• [GIVEN RECORDS]:

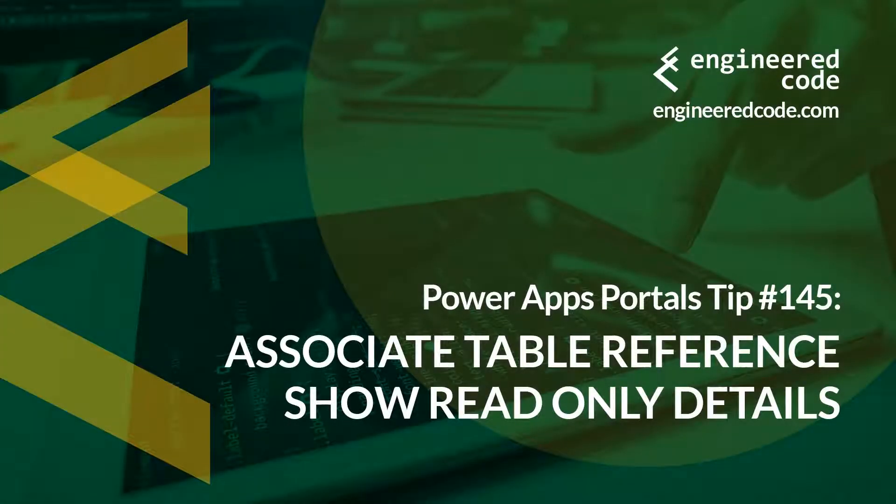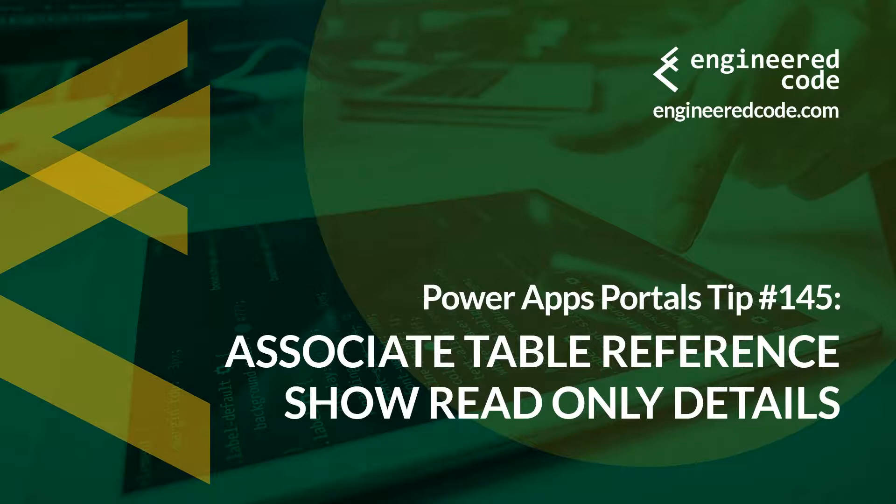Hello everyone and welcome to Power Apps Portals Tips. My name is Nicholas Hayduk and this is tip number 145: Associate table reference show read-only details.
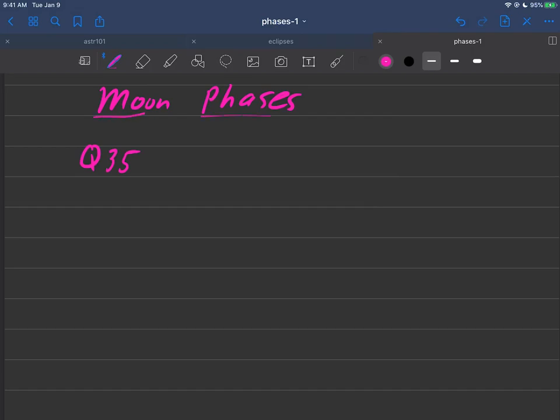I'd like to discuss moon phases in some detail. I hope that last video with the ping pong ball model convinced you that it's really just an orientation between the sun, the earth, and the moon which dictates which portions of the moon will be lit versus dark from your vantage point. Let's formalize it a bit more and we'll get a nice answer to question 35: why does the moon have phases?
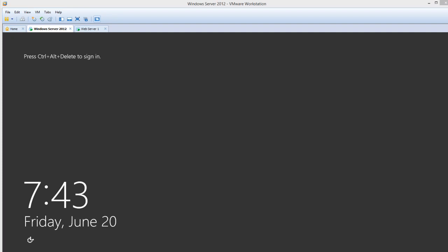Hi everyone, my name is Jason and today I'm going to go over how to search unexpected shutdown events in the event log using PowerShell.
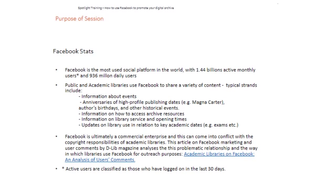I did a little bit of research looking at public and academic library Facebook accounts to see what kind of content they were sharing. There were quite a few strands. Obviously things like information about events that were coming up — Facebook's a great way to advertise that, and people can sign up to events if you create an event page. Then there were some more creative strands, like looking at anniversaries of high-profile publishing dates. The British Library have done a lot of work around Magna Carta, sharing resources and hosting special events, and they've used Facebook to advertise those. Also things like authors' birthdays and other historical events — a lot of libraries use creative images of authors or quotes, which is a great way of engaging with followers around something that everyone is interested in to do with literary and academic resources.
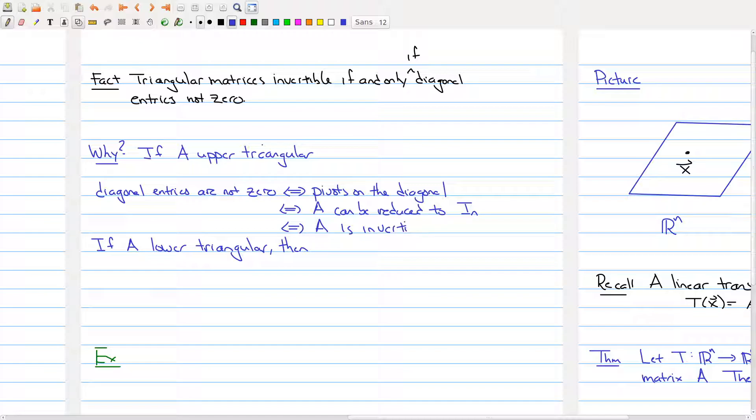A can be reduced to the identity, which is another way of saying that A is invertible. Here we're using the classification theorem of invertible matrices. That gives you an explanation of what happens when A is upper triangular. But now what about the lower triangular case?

* * *

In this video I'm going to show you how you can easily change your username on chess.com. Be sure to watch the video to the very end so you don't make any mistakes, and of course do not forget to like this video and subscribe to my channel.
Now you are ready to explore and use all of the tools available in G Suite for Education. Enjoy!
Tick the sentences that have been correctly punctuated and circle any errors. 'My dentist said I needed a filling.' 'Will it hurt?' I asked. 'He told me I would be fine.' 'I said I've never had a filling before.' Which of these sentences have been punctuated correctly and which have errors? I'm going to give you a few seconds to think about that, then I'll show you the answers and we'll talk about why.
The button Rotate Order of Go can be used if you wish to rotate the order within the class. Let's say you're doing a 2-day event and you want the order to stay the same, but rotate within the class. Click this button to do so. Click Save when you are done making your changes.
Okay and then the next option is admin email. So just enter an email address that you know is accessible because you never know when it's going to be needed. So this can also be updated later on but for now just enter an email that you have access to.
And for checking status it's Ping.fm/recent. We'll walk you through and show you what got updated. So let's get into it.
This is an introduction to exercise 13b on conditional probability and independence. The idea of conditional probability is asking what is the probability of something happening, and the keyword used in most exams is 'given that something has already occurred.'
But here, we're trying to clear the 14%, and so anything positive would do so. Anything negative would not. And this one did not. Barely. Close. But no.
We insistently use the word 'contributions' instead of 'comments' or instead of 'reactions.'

• [ASSIGNED TASK]:
Go back to the listing above and reproduce, exactly, the stretch from the line bearing "Hello everyone and" through the line bearing "A can be reduced", without its pictures.

• [RESPONSE FOR THIS EXERCISE]:
Hello everyone and welcome to Power Apps Portals Tips. My name is Nicholas Hayduk and this is tip number 145: Associate table reference show read-only details.
I'd like to discuss moon phases in some detail. I hope that last video with the ping pong ball model convinced you that it's really just an orientation between the sun, the earth, and the moon which dictates which portions of the moon will be lit versus dark from your vantage point. Let's formalize it a bit more and we'll get a nice answer to question 35: why does the moon have phases?
Hi everyone, my name is Jason and today I'm going to go over how to search unexpected shutdown events in the event log using PowerShell.
I did a little bit of research looking at public and academic library Facebook accounts to see what kind of content they were sharing. There were quite a few strands. Obviously things like information about events that were coming up — Facebook's a great way to advertise that, and people can sign up to events if you create an event page. Then there were some more creative strands, like looking at anniversaries of high-profile publishing dates. The British Library have done a lot of work around Magna Carta, sharing resources and hosting special events, and they've used Facebook to advertise those. Also things like authors' birthdays and other historical events — a lot of libraries use creative images of authors or quotes, which is a great way of engaging with followers around something that everyone is interested in to do with literary and academic resources.
A can be reduced to the identity, which is another way of saying that A is invertible. Here we're using the classification theorem of invertible matrices. That gives you an explanation of what happens when A is upper triangular. But now what about the lower triangular case?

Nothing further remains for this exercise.